▶ Work instruction:
Nothing should appear in the answer except the lines below from the line containing "In today's lesson, we're" through the line containing "Finally, take a", copied exactly, with pictures left out.

Listed entries START

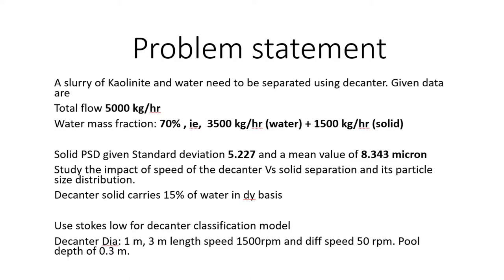Welcome to my second video. Today I would like to explain the decanter by using Stokes law. By applying the Stokes law model, we will get the freedom to make case studies.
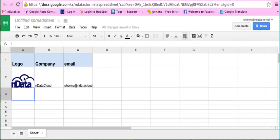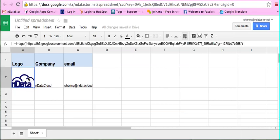You can use this to your advantage for different tasks that you might have. For example, if you have a spreadsheet with all your client information and you want to include their logo, this is how you can insert their image or logo into a spreadsheet cell.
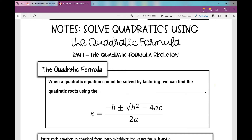In today's lesson, we're going to be solving quadratics using the quadratic formula. There are times when a quadratic equation cannot be solved by factoring — you'll have an equation that is not factorable. One of the things that you can do to solve for the roots of the equation is use the quadratic formula.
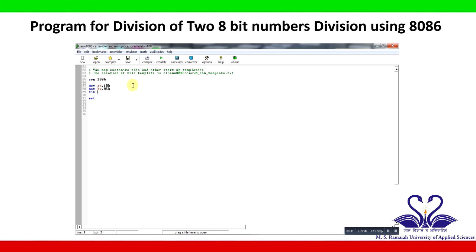DIV BX — the data present in register AX is divided by register BX, and the quotient result is stored in the AX register. The program moves 10H to AX, 05H to BX, and the divided result is stored in AX.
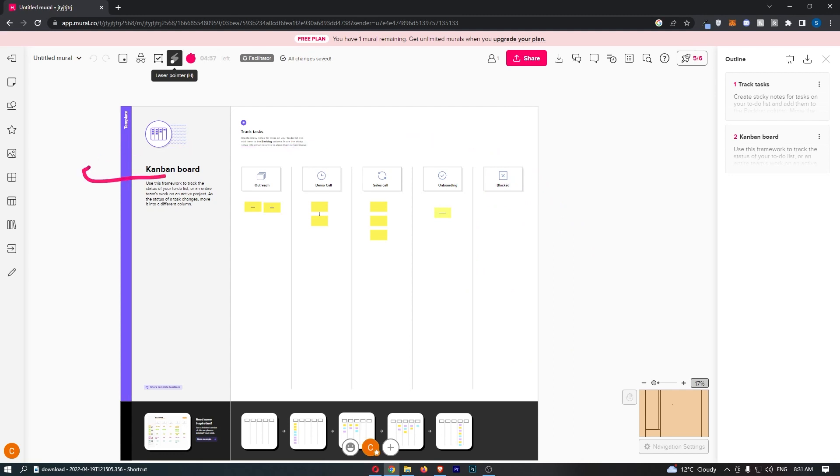So that is just a quick guide on the Kanban board. If any of you guys do have any questions, let me know in the chat right now and I will be able to speak to them.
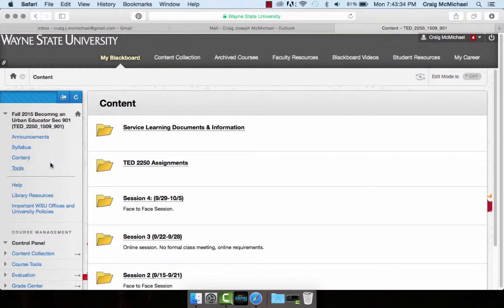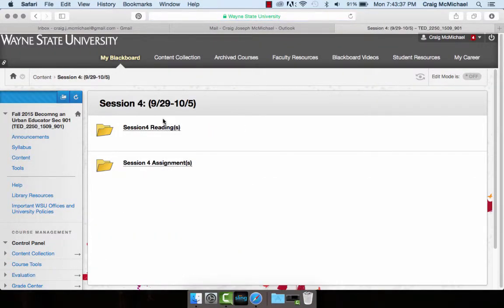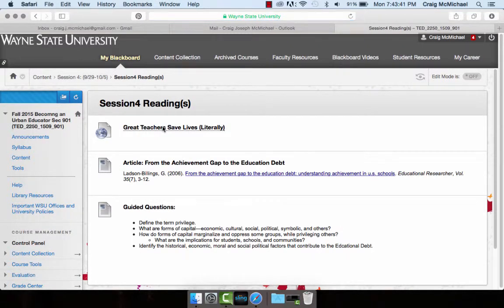Hello, everybody. I'd like to welcome you to session four. Just to give you a quick preview, looking at the readings for the week, there are two articles I would like you to read. The first one is 'Great Teachers Saved Lives Literally.' The other one is an article called 'From the Achievement Gap to the Educational Debt.'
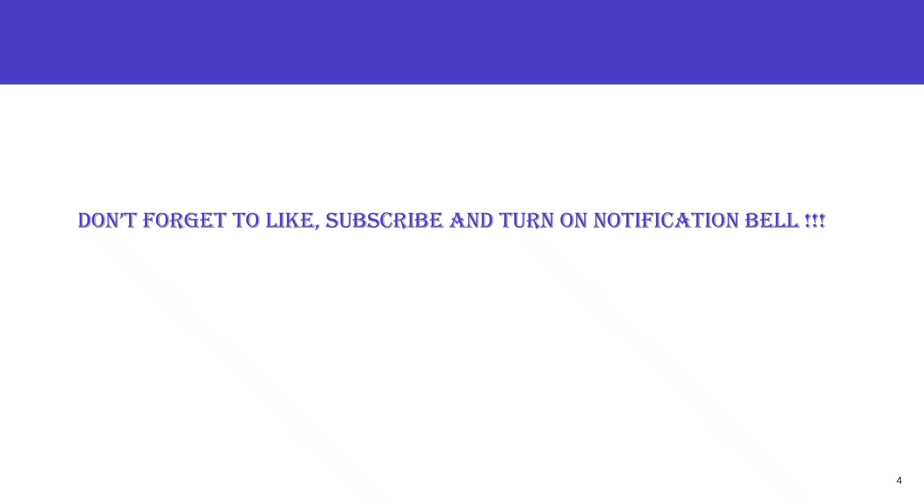That's it for today. Please don't forget to like, subscribe, and turn on your notification bell. I'll see you in the next one. Bye!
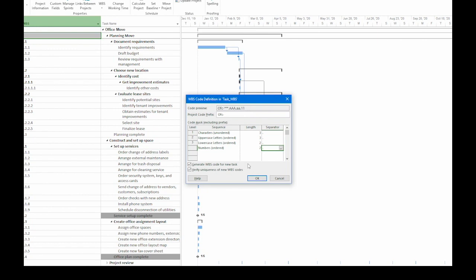Finally, take a look at the two checkboxes beneath the table. They're turned on by default. That's generally what you want. The first one generates WBS codes for new tasks. If you end up adding tasks in the middle of the project, let's say for change requests, you definitely want a WBS code for them. So keep that checkbox turned on.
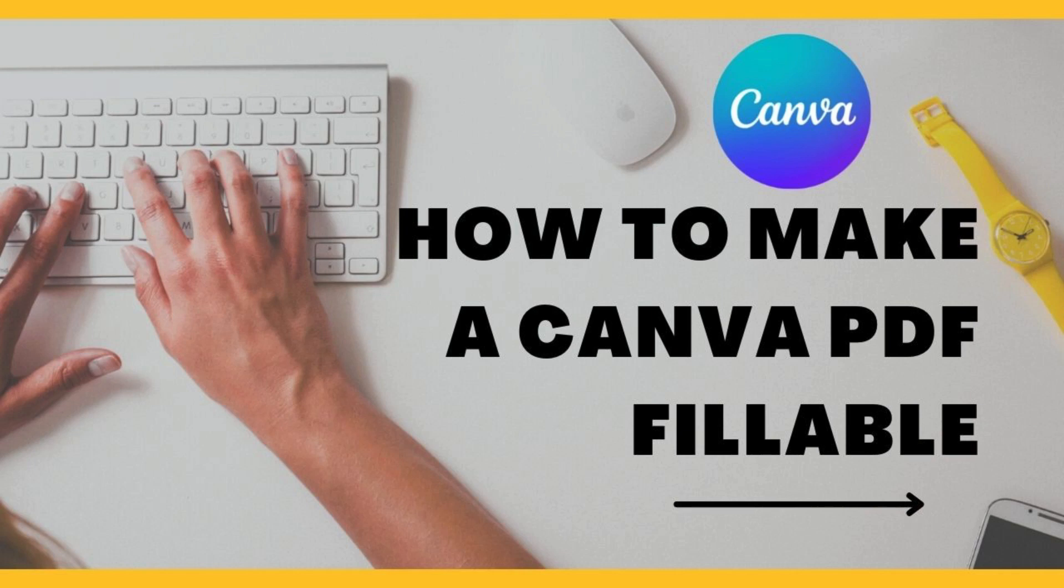Hi everyone, welcome back to my channel. It's me again, Jet. One of the most popular questions I see online, especially in the world of new online business owners, is how to make a PDF workbook fillable or editable.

Listed entries END

▶ Solution:
In today's lesson, we're going to be solving quadratics using the quadratic formula. There are times when a quadratic equation cannot be solved by factoring — you'll have an equation that is not factorable. One of the things that you can do to solve for the roots of the equation is use the quadratic formula.
DIV BX — the data present in register AX is divided by register BX, and the quotient result is stored in the AX register. The program moves 10H to AX, 05H to BX, and the divided result is stored in AX.
So that is just a quick guide on the Kanban board. If any of you guys do have any questions, let me know in the chat right now and I will be able to speak to them.
Hello, everybody. I'd like to welcome you to session four. Just to give you a quick preview, looking at the readings for the week, there are two articles I would like you to read. The first one is 'Great Teachers Saved Lives Literally.' The other one is an article called 'From the Achievement Gap to the Educational Debt.'
That's it for today. Please don't forget to like, subscribe, and turn on your notification bell. I'll see you in the next one. Bye!
Finally, take a look at the two checkboxes beneath the table. They're turned on by default. That's generally what you want. The first one generates WBS codes for new tasks. If you end up adding tasks in the middle of the project, let's say for change requests, you definitely want a WBS code for them. So keep that checkbox turned on.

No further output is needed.